Sahabat, siapa sih diantara kita yang masih hidup tidak punya masalah? Hampir semua –kalo nggak boleh dikatakan seluruhnya—berhadapan dengan masalah. Adakalanya masalah itu datang karena kita yang mengundang. Adakalanya juga tanpa kita undang, masalah itu menghampiri kita. Kali ini kita akan bersama-sama belajar salah satu diantara keduanya. Kita akan belajar bagaimana jika masalah itu datang, karena kita mengundangnya. Meskipun hakekat keduanya sama, dan solusinya pun juga sama. Sadar atau nggak, masalah itu datang karena kita undang. Bagaimana bisa masalah itu datang, karena kita yang mengundang?
Sekedar conto, seorang ikhwan yang mencoba ta’aruf dengan seorang akhwat, kemudian di tengah proses ta’aruf itu terjadi “sesuatu” yang menurut mereka tidak mengandung masalah atau pelanggaran hukum syariat.
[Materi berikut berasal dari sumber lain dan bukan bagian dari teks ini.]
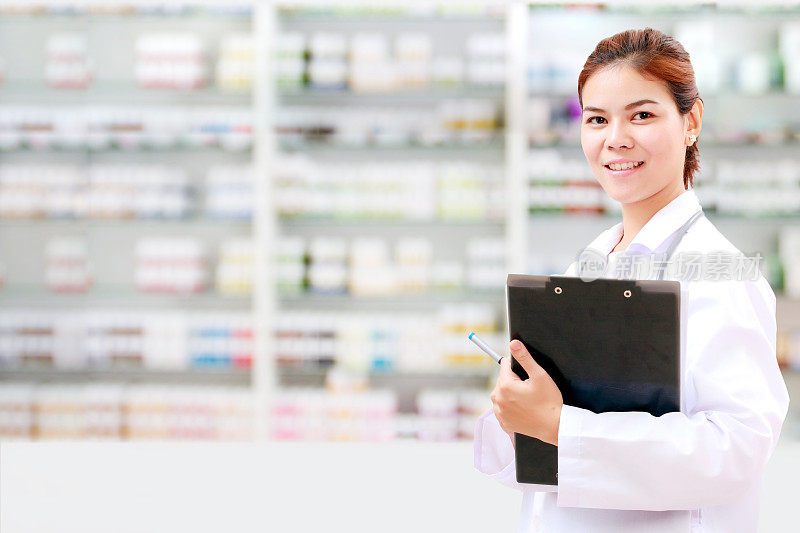 药剂师、药剂师和医生女亚洲用听诊器和剪贴板检查药柜和药店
Misalnya, dengan mengatakan kepada diri mereka masing-masing maupun diantara mereka berdua, bahwa “apa yang kami lakukan masih wajar-wajar saja”. Disitulah sebenarnya mereka sudah mengundang masalah, yakni ketika “menghukumi” sesuatu yang terjadi diantara mereka dengan parameter mereka berdua. Mereka muslim, mungkin juga pengemban dakwah, tapi mereka juga manusia, yang pada suatu titik tertentu akan kolaps menemui masalah. Dan itu nyata terjadi, ketika proses ta’aruf mereka terjadi dalam rentang waktu yang cukup lama, sehingga perasaan ikut bermain, membiaskan antara makna cinta dan nafsu, disitulah si masalah dengan bangga menyertai mereka. Curahan perasaan dikatakan masih normal, melampiaskan nafsu dikatakannya cinta, merancang masa depan dengan penuh keyakinan seakan mereka akan bersatu, dan seterusnya.
Sahabat, diatas itu diantara salah satu contoh masalah dari jutaaan masalah yang mengingatkan kita akan pelajaran bagi kita bahwa kita ini makhluk atau manusia sekaligus kita adalah seorang muslim. Sebagai manusia, kita digariskan untuk menyadari apa fungsi utama kita sebagai manusia (lihat QS Ad Dzariyat 56). Sebagai muslim, kita senantiasa harus ingat bahwa kita berbeda dengan mereka yang tidak muslim. Disitulah ada sebuah titik temu bahwa kita senantiasa harus mengikatkan aktivitas kita pada hukum syariat, yang memang Allah sudah bikin aturan itu diperuntukkan bagi manusia. Manusia tidak mampu memahami hakekat hukum yang baik buat dirinya, kecuali hanya perkiraan yang nisbi dan kadang ngawur. Allah SWT dengan segala ke-Maha Luas-sannya, memahami hakekat ciptaan-Nya, maka pantas bin wajar jika Allah yang membuat aturan untuk manusia.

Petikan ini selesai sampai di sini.